Pre-Arrival Departure Preparation
Many departure preparations can only be made after arrival, but they can be anticipated now. To begin, dig out your archived January 2020 issue of KITPLANES® and reread “Spare the Wait and Carry On.” That will get you on track packing the tools and parts that can keep a simple failure from becoming extra nights in a tent. If your airplane’s battery is kept on a battery tender, unplug it to see if it can start the engine after a week off the juice. It’s better to identify a failing battery at home than at AirVenture, after the vendors are packed up or sold out, and the volunteers with jumper cables are at Herbie’s Acee Deucee celebrating another successful week. Bring tie-downs with you. They’re required for all aircraft because damaging winds also visit Oshkosh each July. The peace of mind of landing with tie-downs versus sourcing them on-site is worth their weight. Speaking of weight, reserve cargo capacity for the added weight and volume you’ll schlep home. Clothes and camping gear weigh more wet than dry. A six-pack of Spotted Cow weighs 7.5 pounds. A 12-pack of cans? Even more.

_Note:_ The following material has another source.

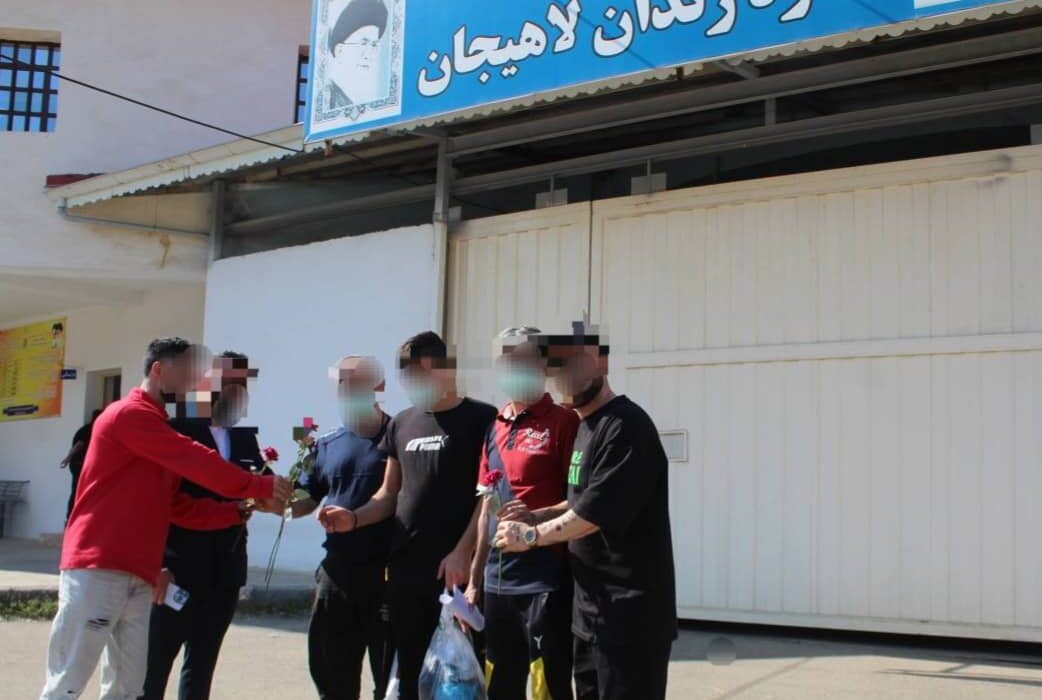 ۱۱ زندانی در دهه کرامت با همراهی خیرین آزاد شدند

Post-Arrival Departure Preparation
Other than your hangar, there’s no better place than AirVenture when your homebuilt needs service. Identifying a problem while vendors still have tools, parts and fluids is key. Parts specific to your airframe (tail caster, nose fork, axle), however, can be more difficult to find. Few kit manufacturers bring spare parts to shows, but they may be able to expedite delivery to Oshkosh. Another pilot may have the part you need packed with their spares. “Is there an A&P or a welder in the house?” Of course there is, including the volunteers at EAA Chapter 75’s Emergency Repair Barn, who can help you make a repair.
Identifying a problem early provides the luxury of time and resources to make an unhurried repair. Before you shut down, do a mag check. After you shut down, triple-check that the master switch is off. Things seldom break sitting for a week, so perform a walk-around before you walk away. Check your tires. If they’re inflated 24 hours after landing, they’ll still be inflated when you depart. Open the cowl and poke around. Check the oil. Fuel up, but leave room for expansion. The same sun that melts your ice cream, and your will to walk through another exhibit building, heats and expands fuel. I saw a Cessna stream fuel onto parched grass like an overserved Packers fan.… Never mind.
Please, prepare for your AirVenture arrival. Know the NOTAM. Study the Fisk arrival procedure. Approach Oshkosh with enough fuel to orbit or divert to another airport if necessary. Stay alert for traffic in the crowded sky; not all traffic shows up on ADS-B (your screen will be painted solid with targets, anyway). Practice slow flight. Practice spot landing (“Red Experimental, land on the green dot. Traffic is landing behind you. Welcome to Oshkosh.”). After you tie your airplane down, after your mind clears and you get those first full lungs of Oshkosh’s fragrant summer air, enact your plan for departure. We all love to hear, “Welcome to Oshkosh.” It’s also nice to hear, “Welcome home! Did you get some Spotted Cow?”